She said, “I know how to laugh at myself.”

She said, “I know who I am: I’m Leila Cohn. You’d think after all this time, after all I’ve been through, that name would mean a lot to people, but it only means
me
—of course, I’m somebody still—ha-ha.”

She said, “I don’t like to swear, but women have a goddamned hard row to hoe.”

She grew narrower and more intense—just as prejudice said about middle-aged women.

Less sensible, less well-informed, more selfish, more willful.

Momma.

I
BECAME
aware all at once, when I was five—I mean the thought became clear, although it was wordless (I was sitting in the back seat of a car she was driving: she was in the front seat with Anne Marie)—that Momma was now half mad with impatience and maybe exhaustion and a kind of fear and a nothingness.

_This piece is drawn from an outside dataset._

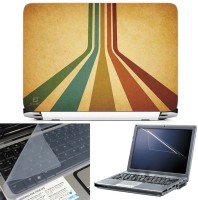 FineArts Abstract Lines Light Brown 3 in 1 Laptop Skin Pack With Screen Guard & Key Protector Combo Set(Multicolor)   Laptop Accessories  (FineArts)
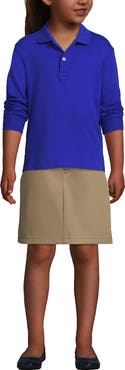 Lands' End School Uniform Kids Long Sleeve Interlock Polo Shirt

And another time: I was crossing a lawn, me and two other little boys; we were carrying, each of us, a toy gun, and I saw Momma running down the middle of the street, in dress-up clothes—furs, fancy shoes, hat, purse; she ran sort of with one shoulder moving mostly: still, it wasn’t really bad running, considering how unexercised she was and how she was dressed; it wasn’t fast, but it was graceful, and there was a kind of physical expertness to it at times between bursts of panting, stumbling clumsiness, as when her shoes caught on cracks or unevennesses in the pavement. I curved out away from my friends and ran to her, ran alongside her. I’m not sure I asked her what was wrong, or that I said anything: I may have just joined her and run alongside her, carrying my gun, and concentrating on staying at her side.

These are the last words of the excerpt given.